Surface integrity and process mechanics of laser shock peening of novel biodegradable magnesium-calcium (Mg-Ca) alloy

M. P. Sealy, Y. B. Guo

Research output: Contribution to journalArticlepeer-review

76 Scopus citations


Current permanent metallic biomaterials of orthopedic implants, such as titanium, stainless steel, and cobalt-chromium alloys, have excellent corrosive properties and superior strengths. However, their strengths are often too high resulting in a stress shielding effect that is detrimental to the bone healing process. Without proper healing, costly and painful revision surgeries may be required. The close Young's modulus between magnesium-based implants and cancellous bones has the potential to minimize stress shielding while providing both biocompatibility and adequate mechanical properties.
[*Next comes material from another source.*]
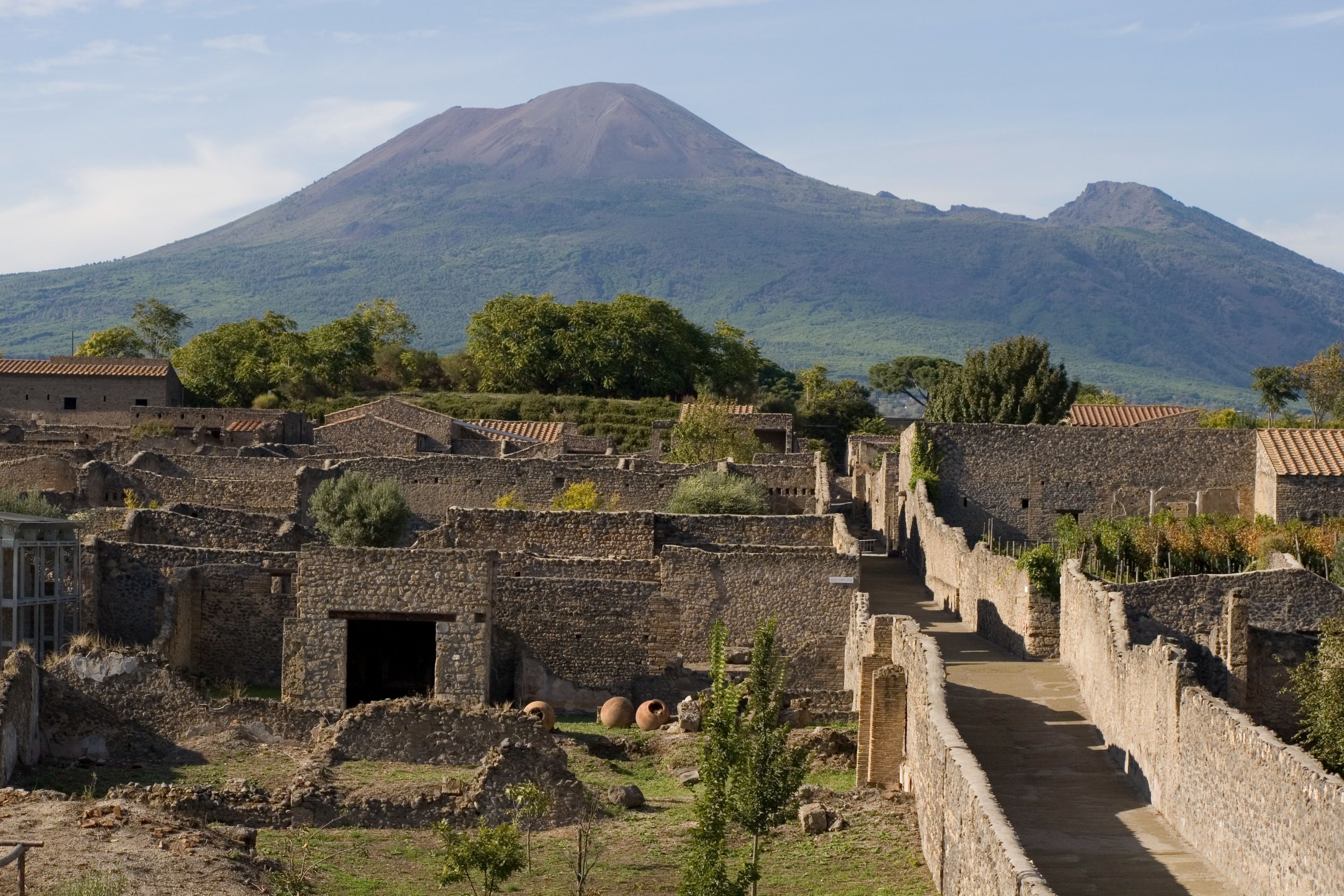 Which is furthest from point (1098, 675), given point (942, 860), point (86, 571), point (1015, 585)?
point (86, 571)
The problem with Mg implants is how to control corrosion rates so that the degradation of Mg implants matches that of bone growth. Laser shock peening (LSP) is an innovative surface treatment method to impart compressive residual stress to a novel Mg-Ca implant. The high compressive residual stress has great potential to slow corrosion rates. Therefore, LSP was initiated in this study to investigate surface topography and integrity produced by sequential peening a Mg-Ca alloy. Also, a 3D semi-infinite simulation was developed to predict the topography and residual stress fields produced by sequential peening. The dynamic mechanical behavior of the biomaterial was modeled using a user material subroutine from the internal state variable plasticity model. The temporal and spatial peening pressure was modeled using a user load subroutine. The simulated dent agrees with the measured dent topography in terms of profile and depth. Sequential peening was found to increase the tensile pile up region which is critical to orthopedic applications. The predicted residual stress profiles are also presented.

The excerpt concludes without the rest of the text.